Section 32(1) provides for the withholding of records where-
(a) the disclosure of the record concerned is prohibited by any enactment (other than a provision specified in column (3) of the Third Schedule of an enactment specified in that Schedule), or
(b) the non-disclosure of the record is authorised by any such enactment in certain circumstances and the case is one in which the head would, pursuant to the enactment, refuse to disclose the record.
Therefore, section 32 provides that any non-disclosure provision in legislation shall supersede the FOI Act unless such a provision is listed in column (3) of the Third Schedule that Act. As section 15 of the Housing (Miscellaneous Provisions) Act, 1997, is not listed in that Schedule, I accept that any provisions in section 15 preventing release of records would supersede the provisions of the FOI Act. I have examined section 15 and am satisfied that it authorises the Council to make relevant enquiries of various named public bodies in relation to persons seeking housing. However, I am also satisfied that there is nothing in its provisions preventing release of records requested under FOI that are relevant to such enquiries. Accordingly, I find that the records are not exempt under 32 of the FOI Act by way of section 15 of the Housing (Miscellaneous Provisions) Act, 1997.

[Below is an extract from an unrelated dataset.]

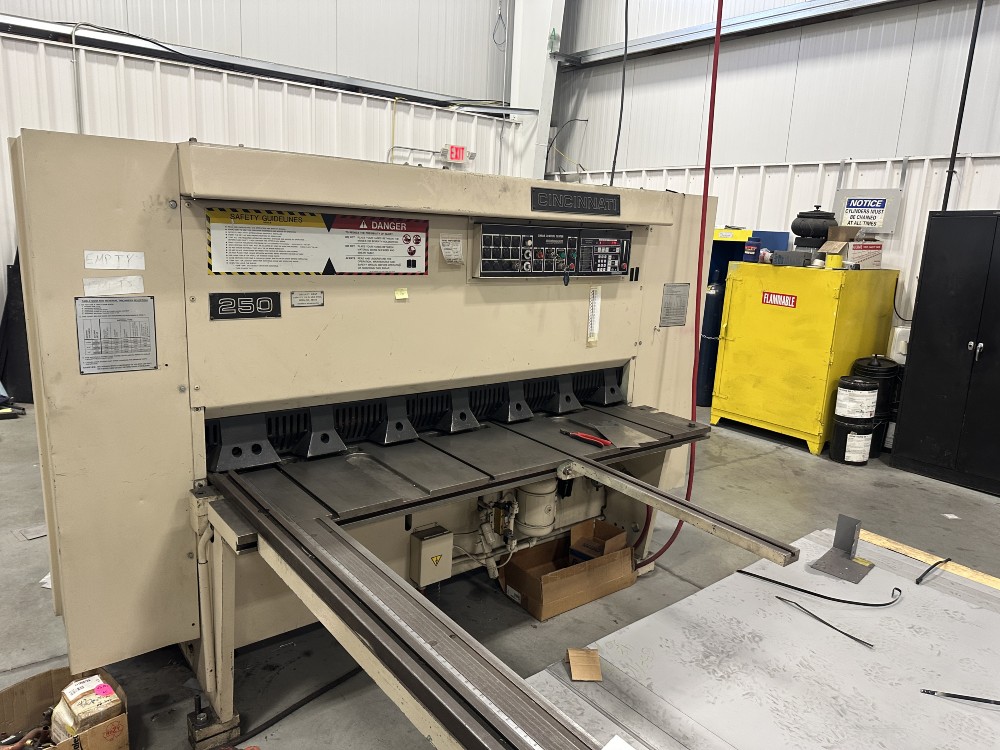 1/4" x 6' Cincinnati #2506, Hydraulic Shear, 7 hold downs, 50 SPM - Image 2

Having carried out a review under section 34(2) of the FOI Act, I hereby annul the decision of the Council and I find that the records should be released.
A party to a review, or any other person affected by a decision of the Information Commissioner following a review, may appeal to the High Court on a point of law arising from the decision. Such an appeal must be initiated not later than eight weeks from the date of this letter.